Exercise: Reproduce exactly only the lines from the line that holds "Caravan clock, Motorhome" to the line that holds "Burgundy skirt", inclusive, in the listing below, and please leave out every picture.

Given entries:
::::::::::

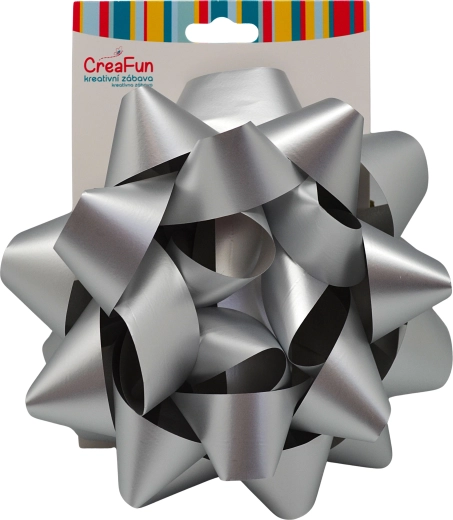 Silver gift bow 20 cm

::::::::::

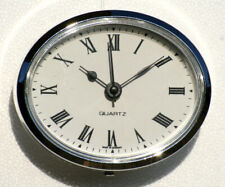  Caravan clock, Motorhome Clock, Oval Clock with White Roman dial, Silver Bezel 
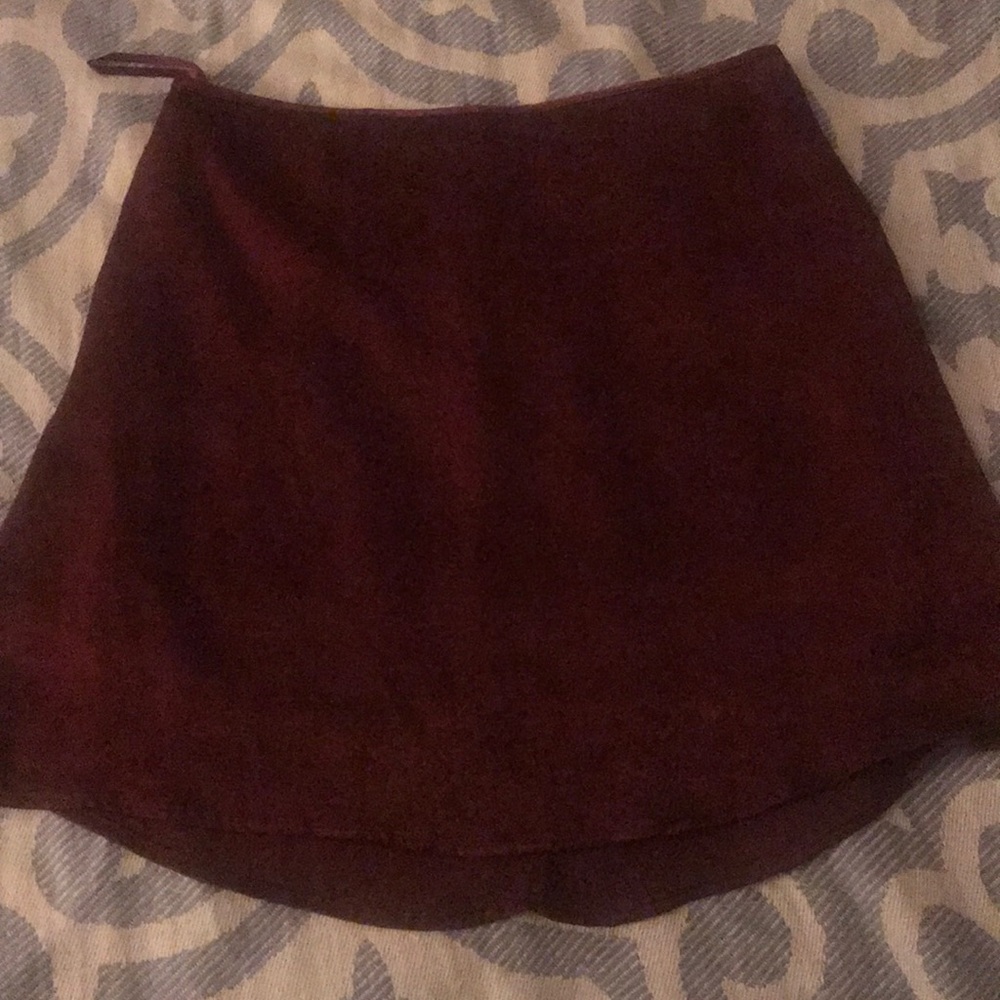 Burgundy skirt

::::::::::

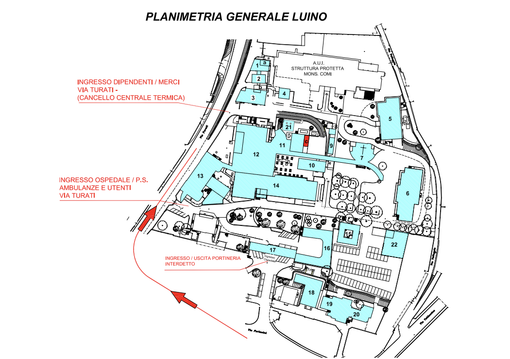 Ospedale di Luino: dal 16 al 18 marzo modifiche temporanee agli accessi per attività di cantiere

::::::::::

Solution to the problem:
  Caravan clock, Motorhome Clock, Oval Clock with White Roman dial, Silver Bezel 
 Burgundy skirt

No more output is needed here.